Kim Ki-duk's one-man show examines why he is now at an impasse after creating 15 internationally distributed and awarded films.
The glorious agony of struggling directors is a theme that’s been around for as long as filmmaking itself. Kim Ki-duk’s Arirang explores the reasons and emotions behind his three-year hiatus like a no-tech documentary answer to Fellini’s 8 1/2. A one-man production in which Kim engages in deep conversation with himself, his shadow, recorded images of himself and excerpts of his screen performances, it is so navel-gazing it makes Takeshi Kitano’s Takeshis and Glory to the Filmmaker seem positively self-effacing.
Never a reliable commercial bet, this will be Kim’s least theatrically saleable work. The sour, malcontent attitude may be his devious way of playing up his bad-boy image to the cine-literati, but there’s precious little with which even an arthouse-inclined audience can identify with.

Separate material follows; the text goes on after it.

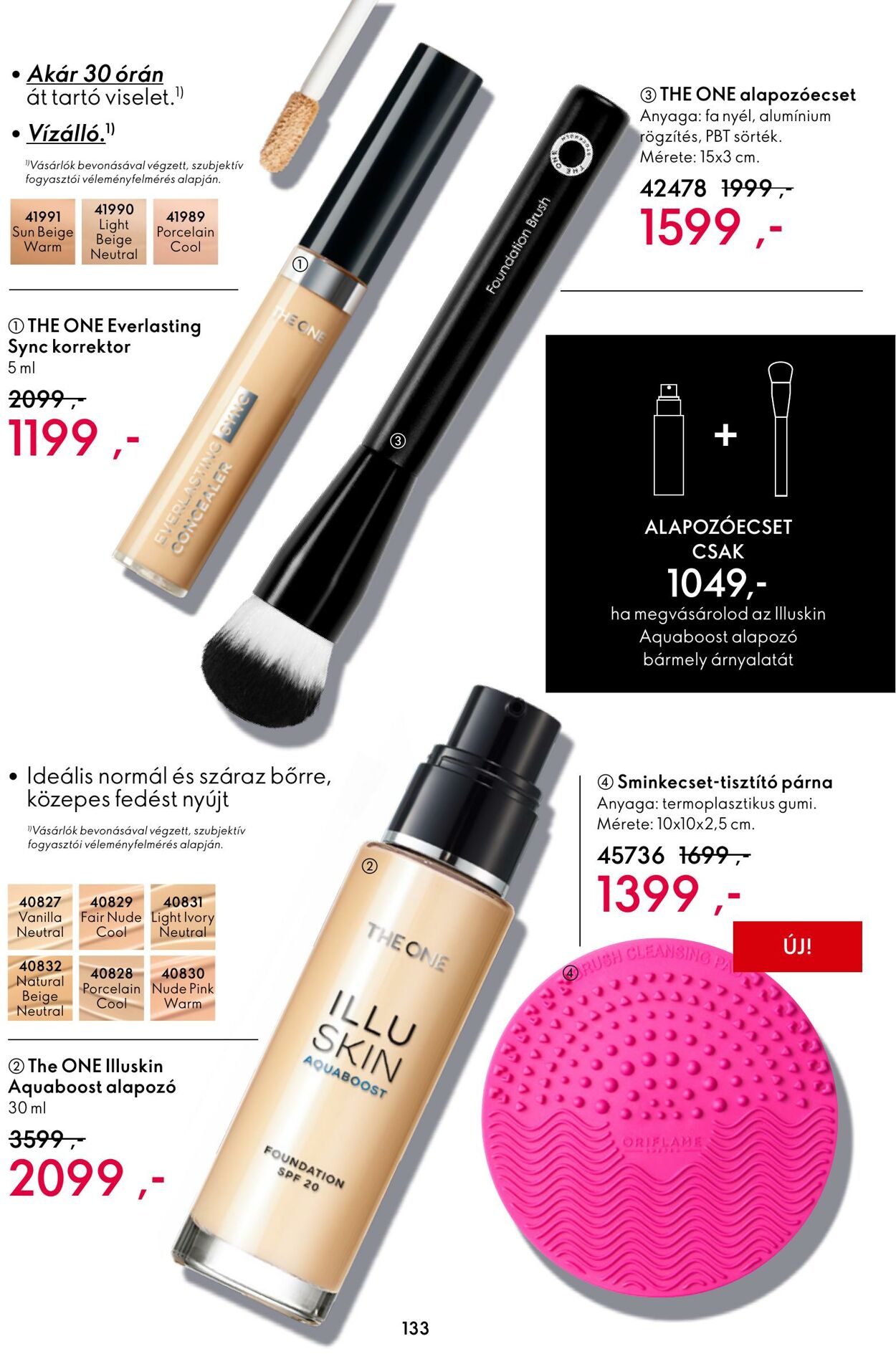 Flyer Oriflame 28.09.2022 - 18.10.2022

Kim begins with self-examination of why, after making 15 films that were internationally distributed and awarded, he has reached an impasse. He initially attributes it to trauma from an accident on the set of his last film, Dream, but gradually, it transpires that what’s holding him back is not creative block but financial.
In a swearing session delivered with machine gun speed and aggressiveness, he rants and riles at moviegoers, investors, protégés who in some way or other betrayed him. It culminates in a wish-fulfillment revenge spree that is funny for its anti-production-value statement.
Snippets of his hermitic mountain life become welcome diversions. As if he’s getting in touch with the primal instincts that characterize his protagonists, he camps in a tent inside a hut, makes simple meals and has fun with self-reassembled espresso and drip coffee machines. His primitive yet meticulous and creative handiworks reveal more about his unique style as a filmmaker, than the self-indulgent shots of his handwritten scripts, posters of his films and his oil paintings.
Kim also provides the score by belting out Arirang in a coarse but plaintive voice. This most famous of Korean folksongs expresses an abandoned woman’s feelings: She misses her lover even as she curses him. Although it’s obvious Kim identifies with her bitter lament, there is a tinge of pathos when he says “I miss all the film festivals I’ve been to.” The subtext being: he really misses filmmaking itself.
Filmed using a Mark II digital camera, Kim arranges the shots to make his monologues look like dialogues between — or commentaries on — two or three personas. Although sometimes the edits and compositions look casual, the overall technique is professional.